By Abdoulaye Massalatchi
NIAMEY, June 8 (Reuters) - Niger's government ministers have pledged to dip into their own pockets and give around two-thirds of a month's salary to help millions of people facing severe food shortages in the impoverished West African nation.
The 24 ministers each promised to give 500,000 CFA francs ($940) in aid, while Prime Minister Hama Amadou would donate one million CFA, according to a government statement issued on Wednesday.
Recurring drought and a locust infestation have left 3.6 million people in desperate need of aid in Niger, where many people outside the main cities live in mud-brick buildings on the edge of the Sahara desert.
The United Nations said last week not a single dollar had been pledged for Niger two weeks into an emergency appeal for $16.2 million. Among the needy are 800,000 children aged under 5, including 150,000 with severe malnutrition.

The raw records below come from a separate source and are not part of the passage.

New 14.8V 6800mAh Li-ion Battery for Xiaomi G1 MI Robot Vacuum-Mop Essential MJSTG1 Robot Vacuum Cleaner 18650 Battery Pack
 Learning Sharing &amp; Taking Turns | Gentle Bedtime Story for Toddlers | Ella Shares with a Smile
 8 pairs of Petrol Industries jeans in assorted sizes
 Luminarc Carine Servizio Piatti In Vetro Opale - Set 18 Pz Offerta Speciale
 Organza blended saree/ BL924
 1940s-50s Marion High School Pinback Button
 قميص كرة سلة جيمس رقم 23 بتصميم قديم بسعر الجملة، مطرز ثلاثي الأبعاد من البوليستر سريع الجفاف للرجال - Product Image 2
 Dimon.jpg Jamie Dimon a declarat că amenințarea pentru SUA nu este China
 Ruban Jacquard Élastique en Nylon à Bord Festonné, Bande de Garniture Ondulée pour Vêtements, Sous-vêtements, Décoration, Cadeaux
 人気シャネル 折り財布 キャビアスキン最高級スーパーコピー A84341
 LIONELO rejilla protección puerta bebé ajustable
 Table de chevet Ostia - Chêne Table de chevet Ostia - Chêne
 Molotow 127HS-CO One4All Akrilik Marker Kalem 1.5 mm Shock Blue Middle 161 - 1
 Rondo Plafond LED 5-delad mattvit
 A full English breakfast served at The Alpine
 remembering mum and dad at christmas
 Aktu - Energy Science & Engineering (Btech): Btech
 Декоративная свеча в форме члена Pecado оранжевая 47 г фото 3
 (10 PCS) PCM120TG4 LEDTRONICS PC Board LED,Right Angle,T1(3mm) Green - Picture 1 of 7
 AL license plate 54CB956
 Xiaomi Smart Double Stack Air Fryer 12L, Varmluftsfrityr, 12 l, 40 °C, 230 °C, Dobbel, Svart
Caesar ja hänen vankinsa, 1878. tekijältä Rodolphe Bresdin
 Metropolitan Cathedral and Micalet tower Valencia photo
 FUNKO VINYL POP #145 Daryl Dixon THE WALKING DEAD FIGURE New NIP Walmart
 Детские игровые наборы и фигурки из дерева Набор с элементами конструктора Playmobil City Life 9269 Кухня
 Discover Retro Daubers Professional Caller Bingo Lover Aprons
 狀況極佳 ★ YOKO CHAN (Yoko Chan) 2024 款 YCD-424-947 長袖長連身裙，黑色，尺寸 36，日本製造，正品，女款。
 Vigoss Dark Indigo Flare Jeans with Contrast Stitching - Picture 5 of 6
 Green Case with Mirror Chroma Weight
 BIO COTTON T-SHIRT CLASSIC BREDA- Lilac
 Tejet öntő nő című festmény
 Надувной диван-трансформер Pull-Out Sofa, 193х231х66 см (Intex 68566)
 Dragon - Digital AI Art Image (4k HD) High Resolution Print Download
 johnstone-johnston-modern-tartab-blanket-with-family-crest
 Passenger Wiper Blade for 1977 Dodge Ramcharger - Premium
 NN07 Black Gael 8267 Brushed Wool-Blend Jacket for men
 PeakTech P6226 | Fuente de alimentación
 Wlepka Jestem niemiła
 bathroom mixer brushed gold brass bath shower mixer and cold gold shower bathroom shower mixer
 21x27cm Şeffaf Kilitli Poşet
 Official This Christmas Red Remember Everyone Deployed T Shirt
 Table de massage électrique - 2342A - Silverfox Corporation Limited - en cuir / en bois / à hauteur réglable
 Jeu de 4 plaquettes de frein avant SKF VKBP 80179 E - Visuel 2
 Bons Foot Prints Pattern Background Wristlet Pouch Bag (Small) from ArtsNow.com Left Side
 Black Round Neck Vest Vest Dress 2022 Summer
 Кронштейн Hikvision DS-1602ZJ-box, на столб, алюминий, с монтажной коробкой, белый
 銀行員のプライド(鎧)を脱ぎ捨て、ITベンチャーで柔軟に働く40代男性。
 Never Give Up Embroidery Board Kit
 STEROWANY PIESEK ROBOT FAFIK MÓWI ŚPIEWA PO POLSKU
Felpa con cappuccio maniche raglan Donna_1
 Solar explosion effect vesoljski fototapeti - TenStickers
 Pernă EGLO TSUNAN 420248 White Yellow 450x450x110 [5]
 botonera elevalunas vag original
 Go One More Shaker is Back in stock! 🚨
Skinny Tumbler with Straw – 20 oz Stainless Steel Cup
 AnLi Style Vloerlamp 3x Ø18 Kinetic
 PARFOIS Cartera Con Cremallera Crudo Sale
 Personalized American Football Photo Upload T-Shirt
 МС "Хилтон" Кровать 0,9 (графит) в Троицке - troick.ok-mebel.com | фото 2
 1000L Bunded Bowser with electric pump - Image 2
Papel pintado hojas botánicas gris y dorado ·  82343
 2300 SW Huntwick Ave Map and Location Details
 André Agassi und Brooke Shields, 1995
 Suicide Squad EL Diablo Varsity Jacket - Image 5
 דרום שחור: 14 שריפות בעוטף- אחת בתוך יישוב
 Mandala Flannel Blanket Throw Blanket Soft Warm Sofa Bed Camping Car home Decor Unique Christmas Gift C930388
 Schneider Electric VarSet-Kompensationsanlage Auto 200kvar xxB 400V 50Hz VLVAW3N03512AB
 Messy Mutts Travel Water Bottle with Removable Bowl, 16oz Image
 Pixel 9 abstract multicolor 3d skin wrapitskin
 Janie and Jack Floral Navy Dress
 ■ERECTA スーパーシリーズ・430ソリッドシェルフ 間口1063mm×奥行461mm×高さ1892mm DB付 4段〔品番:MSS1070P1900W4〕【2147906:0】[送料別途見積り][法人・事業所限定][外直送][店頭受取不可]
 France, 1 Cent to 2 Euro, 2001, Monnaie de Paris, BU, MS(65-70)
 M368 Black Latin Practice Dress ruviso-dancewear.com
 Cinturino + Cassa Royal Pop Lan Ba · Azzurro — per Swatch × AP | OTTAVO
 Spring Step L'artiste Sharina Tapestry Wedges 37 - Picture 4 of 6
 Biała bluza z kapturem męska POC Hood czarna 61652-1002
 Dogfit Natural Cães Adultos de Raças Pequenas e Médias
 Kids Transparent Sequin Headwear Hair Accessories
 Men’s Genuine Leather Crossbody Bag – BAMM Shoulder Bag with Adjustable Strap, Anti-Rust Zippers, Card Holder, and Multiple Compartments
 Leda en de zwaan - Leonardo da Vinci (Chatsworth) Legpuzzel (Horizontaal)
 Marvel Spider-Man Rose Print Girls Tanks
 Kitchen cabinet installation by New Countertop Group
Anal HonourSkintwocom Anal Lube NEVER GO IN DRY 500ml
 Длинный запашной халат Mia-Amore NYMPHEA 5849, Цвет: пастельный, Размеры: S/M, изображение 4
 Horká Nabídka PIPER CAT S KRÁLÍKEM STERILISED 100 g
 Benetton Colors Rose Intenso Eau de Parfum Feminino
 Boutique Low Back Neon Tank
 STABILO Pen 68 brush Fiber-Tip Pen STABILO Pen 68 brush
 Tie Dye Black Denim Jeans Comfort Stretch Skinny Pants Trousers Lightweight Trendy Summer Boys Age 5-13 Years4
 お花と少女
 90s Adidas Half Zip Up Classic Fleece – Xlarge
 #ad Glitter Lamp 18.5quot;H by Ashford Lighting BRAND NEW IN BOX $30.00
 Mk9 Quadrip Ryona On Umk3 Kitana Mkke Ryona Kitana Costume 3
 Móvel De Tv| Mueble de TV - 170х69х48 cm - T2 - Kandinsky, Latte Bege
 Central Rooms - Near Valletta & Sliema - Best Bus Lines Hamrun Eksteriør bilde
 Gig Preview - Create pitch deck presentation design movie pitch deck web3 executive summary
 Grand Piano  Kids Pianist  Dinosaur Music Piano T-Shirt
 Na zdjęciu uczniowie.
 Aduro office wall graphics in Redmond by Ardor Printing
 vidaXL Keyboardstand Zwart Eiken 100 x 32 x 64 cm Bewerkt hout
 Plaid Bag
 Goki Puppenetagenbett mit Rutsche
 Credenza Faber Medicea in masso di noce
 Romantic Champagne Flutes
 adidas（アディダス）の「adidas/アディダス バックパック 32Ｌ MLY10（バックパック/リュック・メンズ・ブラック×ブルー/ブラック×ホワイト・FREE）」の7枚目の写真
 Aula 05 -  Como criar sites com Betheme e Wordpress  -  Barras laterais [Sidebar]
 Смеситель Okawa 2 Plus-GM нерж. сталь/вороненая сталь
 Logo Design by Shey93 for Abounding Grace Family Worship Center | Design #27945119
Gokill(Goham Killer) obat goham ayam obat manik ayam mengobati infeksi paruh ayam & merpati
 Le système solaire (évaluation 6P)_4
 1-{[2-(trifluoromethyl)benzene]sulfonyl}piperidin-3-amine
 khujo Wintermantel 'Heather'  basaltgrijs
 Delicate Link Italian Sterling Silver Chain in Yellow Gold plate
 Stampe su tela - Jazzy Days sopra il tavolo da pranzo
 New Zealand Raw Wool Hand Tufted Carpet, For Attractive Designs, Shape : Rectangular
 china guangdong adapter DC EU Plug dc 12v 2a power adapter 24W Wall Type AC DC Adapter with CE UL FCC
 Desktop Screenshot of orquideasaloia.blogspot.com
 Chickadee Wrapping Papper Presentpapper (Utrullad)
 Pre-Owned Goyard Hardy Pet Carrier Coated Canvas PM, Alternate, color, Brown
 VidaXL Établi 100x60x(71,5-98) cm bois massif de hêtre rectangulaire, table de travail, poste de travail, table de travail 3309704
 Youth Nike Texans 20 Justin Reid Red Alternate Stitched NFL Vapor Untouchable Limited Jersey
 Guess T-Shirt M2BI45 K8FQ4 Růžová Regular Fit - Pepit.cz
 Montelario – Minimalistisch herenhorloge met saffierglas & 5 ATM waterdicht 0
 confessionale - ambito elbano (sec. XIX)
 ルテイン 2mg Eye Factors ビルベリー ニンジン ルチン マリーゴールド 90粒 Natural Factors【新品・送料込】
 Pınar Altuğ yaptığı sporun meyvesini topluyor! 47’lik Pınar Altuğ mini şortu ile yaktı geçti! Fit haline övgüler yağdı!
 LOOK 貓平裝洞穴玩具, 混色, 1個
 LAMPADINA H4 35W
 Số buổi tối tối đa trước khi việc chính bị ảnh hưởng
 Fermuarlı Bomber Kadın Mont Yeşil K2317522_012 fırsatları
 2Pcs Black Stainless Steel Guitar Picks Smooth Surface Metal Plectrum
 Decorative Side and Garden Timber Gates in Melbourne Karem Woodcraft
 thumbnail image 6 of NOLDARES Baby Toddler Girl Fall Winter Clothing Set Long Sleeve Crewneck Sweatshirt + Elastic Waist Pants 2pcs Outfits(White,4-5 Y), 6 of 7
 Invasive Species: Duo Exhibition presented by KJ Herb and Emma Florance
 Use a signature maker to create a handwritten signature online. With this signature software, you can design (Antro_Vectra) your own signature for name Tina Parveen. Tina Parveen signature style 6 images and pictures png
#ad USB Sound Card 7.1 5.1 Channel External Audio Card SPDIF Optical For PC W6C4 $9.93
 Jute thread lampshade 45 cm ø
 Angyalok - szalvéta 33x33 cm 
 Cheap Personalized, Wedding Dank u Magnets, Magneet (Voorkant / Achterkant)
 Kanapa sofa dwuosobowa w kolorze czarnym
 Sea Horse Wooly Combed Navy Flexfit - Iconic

The food crisis comes as the leaders of the world's rich nations talk about doing more to help Africa ahead of a Group of Eight summit next month in Gleneagles, Scotland.
U.S. President George W. Bush and British Prime Minister Tony Blair said they were close to a deal on Tuesday on a plan to cancel up to 100 percent of poor African countries' multilateral debt and that they hoped to put the plan before world leaders in Scotland.
Bush and Blair, however, failed to agree on the British prime minister's proposal to dramatically increase aid for Africa.
Landlocked and arid Niger, with a population of about 12 million and an average life expectancy of 46 years, is one of the world's poorest and least developed countries. One in four children dies before the age of five.
The government has struggled to get a grip on the ailing economy or come up with a coherent strategy to combat the food shortages since appealing to the international community in November to help save its people from food insecurity.
Four months later it slapped a 19 percent tax on staples such as flour and milk, saying it had been forced to do so by the demands of the International Monetary Fund. The move triggered unprecedented protests and was later reversed.
The government said on Monday it would launch food loans for more than 2 million subsistence farmers. Each household would receive a 100 kg bag of corn, millet or sorghum every month for three months and would then return the food at the end of the 2005/06 harvest.